Con los pies en el suelo

Mi perfil de Instagram se había convertido en muy poco tiempo en un icono para fetichistas. Lejos de ser la típica chica que enseña el canalillo en redes o la atleta fitness que aprieta las abdominales para que sus seguidores alaben lo que se lo curra en el 'gym, yo era gordita, menuda y morena, eso sí..., con los pies más bonitos del mundo y eso en Internet era todo un filón.

Ya que mi cara no era agraciada y que nunca me gustó mostrarla por motivos de estética, conseguí hacer que mis pies se convirtieran en todo un deseo sexual para los hombres. En sólo tres meses logré pasar de 134 seguidores a 18.000 tan sólo con imágenes de mis extremidades inferiores.

En la bañera, en la playa, con las uñas pintadas, largas, de la planta, con anillos. Cualquier fotografía les servía a mis followers para ponerse a cien. ''Te chuparía lentamente el dedo gordo hasta que te corrieras'', decía Alfonsezno; o ''me imagino mi rabo entre tus pies y me tengo que tocar'', escribía Turco24.

En un principio me hacía gracia leer los comentarios que los chicos, y alguna mujer, plasmaban en mis redes sociales hasta que un día apareció él. Se presentó por privado como ''feedingroom''. Tardé días en contestarle, pues nunca antes un hombre tan bonito se había atrevido a decirme las cerdadas que me haría con sus manos. Después de dos semanas, varios ¡holas! fallidos y tres conversaciones de besugo nos pasamos el teléfono. Fue entonces cuando me regaló su verdadero nombre: Pablo.

Pablo no era un hombre de verdad. Era podólogo y un gran fetichista de pies, tanto que su trabajo en ocasiones me parecía una intromisión en la sexualidad de las personas a las que trataba. Lejos de ser un salido y dado que a mí la podofilia me resultaba bastante atractiva accedí a quedar con él en el bar que hay debajo de mi casa. Eso y que era extraordinariamente culto y guapo.

Hablamos durante horas hasta que escuchamos el cierre metálico de la puerta del bar. Me había quedado prendada de él pero conocía el adiós de todos los hombres con los que quedaba y me abandonaban por fea. Aquella noche fue diferente. En sus ojos pude ver el deseo. Estábamos cómodos juntos y le invité a subir a mi casa. Su sonrisa lo dijo todo.

No dimos tiempo a llegar a casa cuando ya nos estábamos besando en el ascensor. Tardamos más de diez minutos en entrar pues parece ser que el mero hecho de levantar mi pierna y rodear con mis muslos su culo le ponía muy cachondo. Por fin, la llave nos adentró en el interior de mi salón y fue cuando de rodillas me quitó los zapatos de tacón y comenzó a besarme los dedos.

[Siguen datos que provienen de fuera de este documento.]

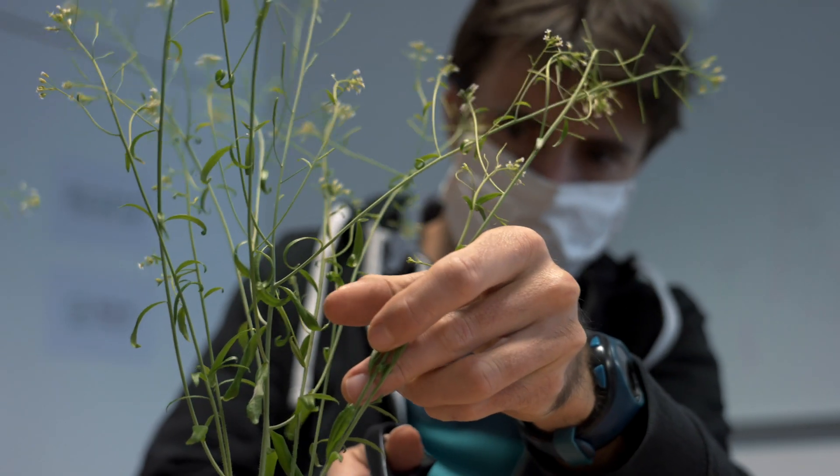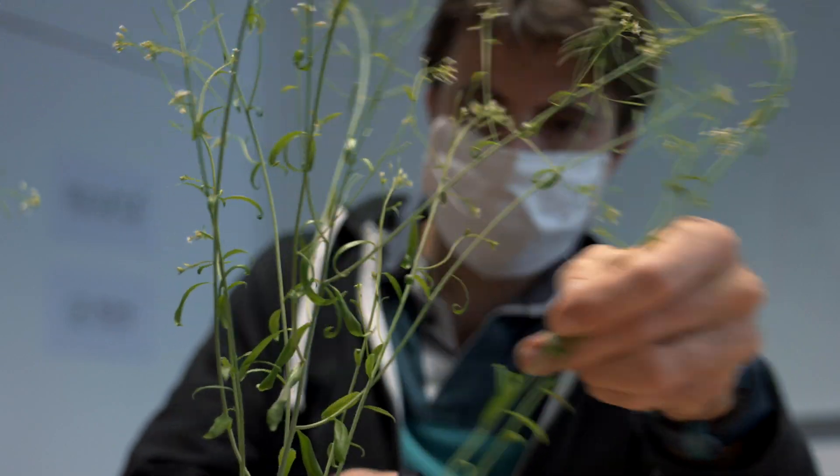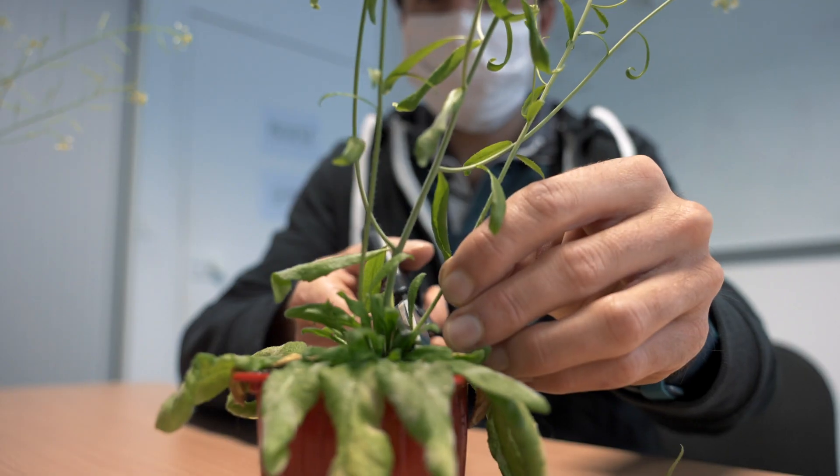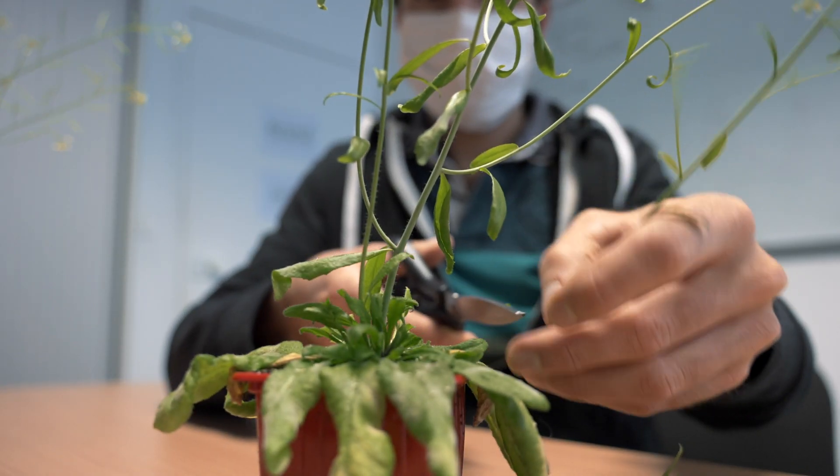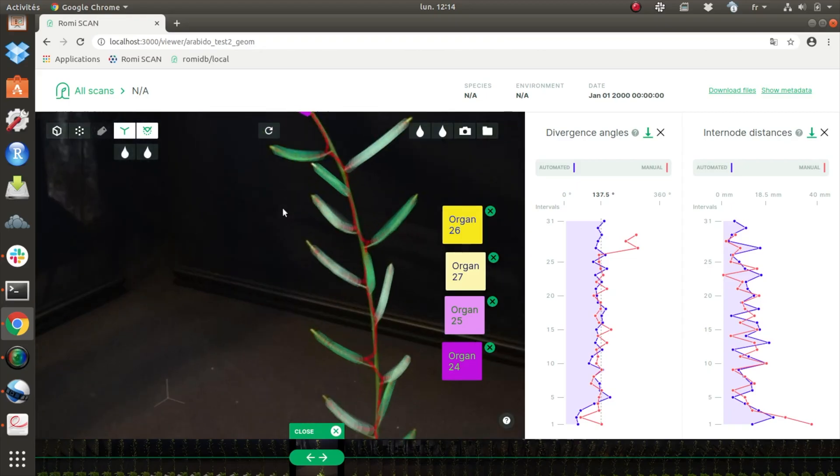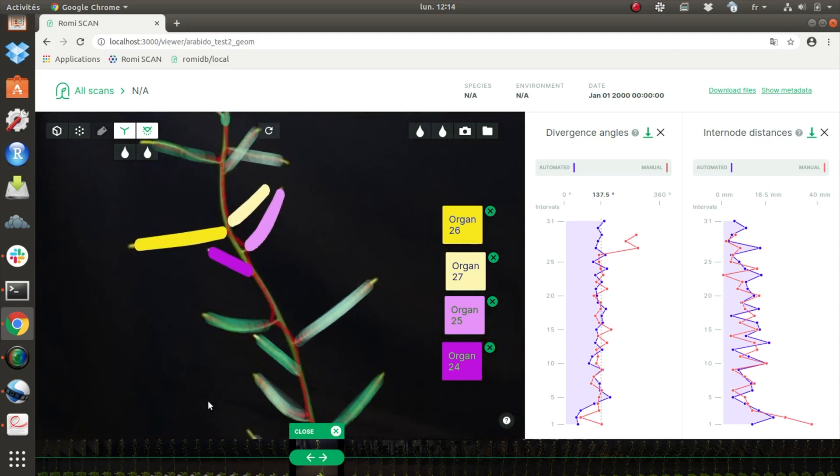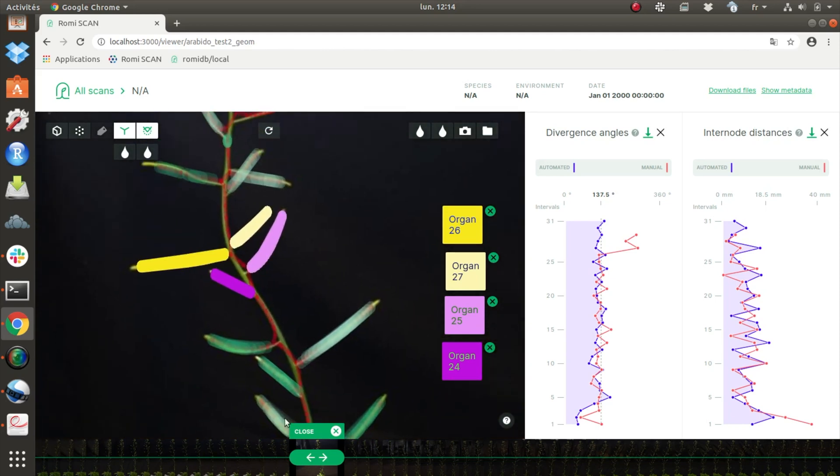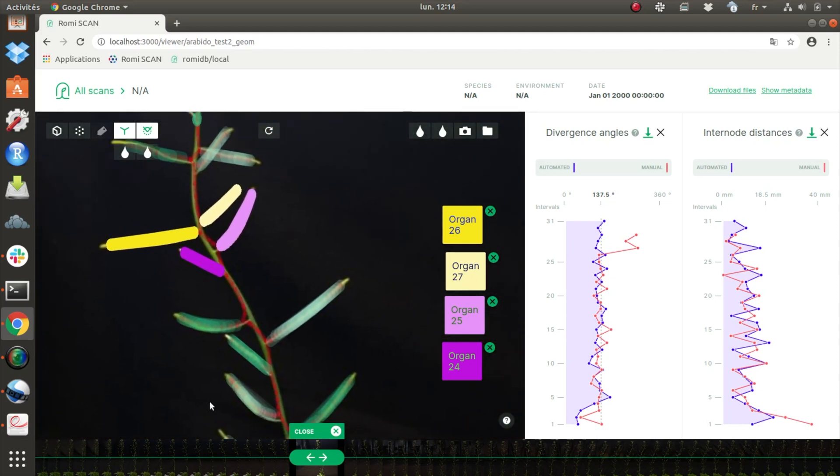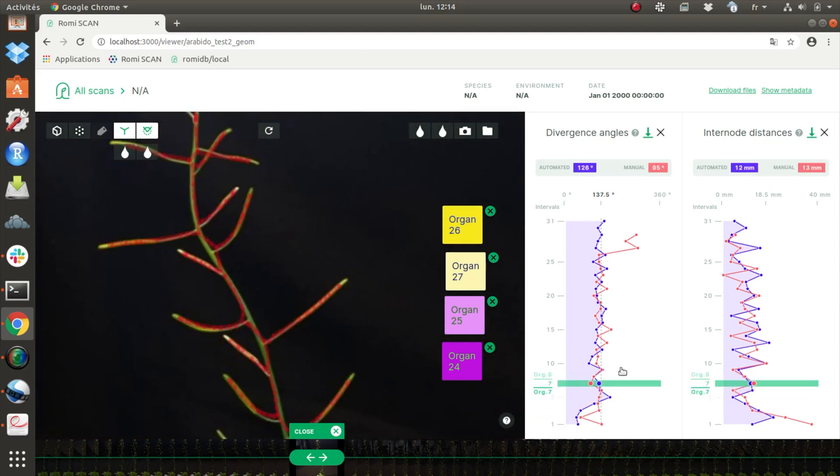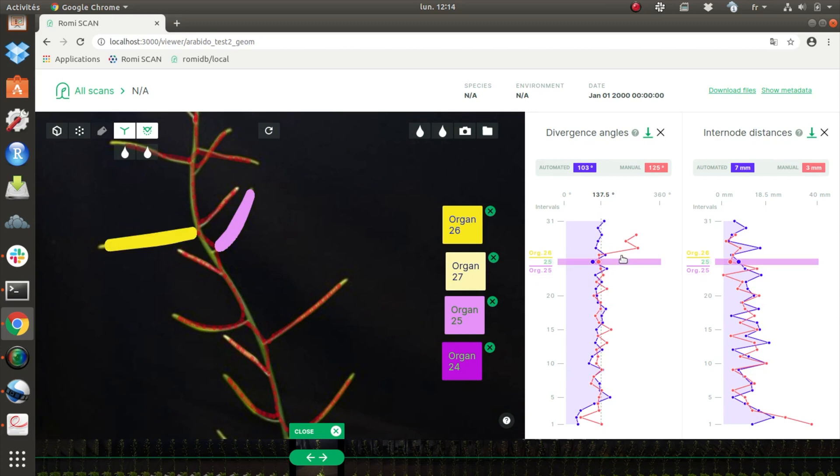The Romi project has developed a proof of concept scenario using a challenging task: measuring the inflorescence phylotaxis of the model plant Arabidopsis thaliana.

Jamás nadie me había puesto tan cachonda en tan poco tiempo pero dado que mis relaciones sexuales se resumían a dos en mis veinticinco años puede que fuera hasta normal. Poco a poco me fue desnudando hasta dejarme sin ropa tumbada en el sillón del salón. Cogió una banqueta y mientras me masajeaba un pie con una mano con la otra se masturbaba. Al rato abandonó un pie para seguir el mismo juego con el otro. Su pene era enorme y no podía evitar mirar cómo sus venas se dilataban.

Le invité a sentarse en frente de mí. Ambos desnudos. Yo mojada. Él erecto. Comencé a frotar sus genitales con mis dos pies. Gemía de placer. Ponía los ojos en blanco y cuando casi no pudo más se abalanzó sobre mí penetrándome con la mayor fuerza que lo había hecho un hombre en mi vida. Pude notar el palpitar de su pene hasta su eyaculación. Permaneció sobre mí unos minutos. Yo no había llegado al orgasmo pero por la intensidad del polvo que echamos sabía que iba a haber más encuentros. En ese momento y a pesar de mis kilitos y mi cara rara me sentía la mujer más bella y poderosa del mundo y no por haber echado un polvo con un tío sino por haber superado los miedos que los complejos no me permitían disfrutar del sexo.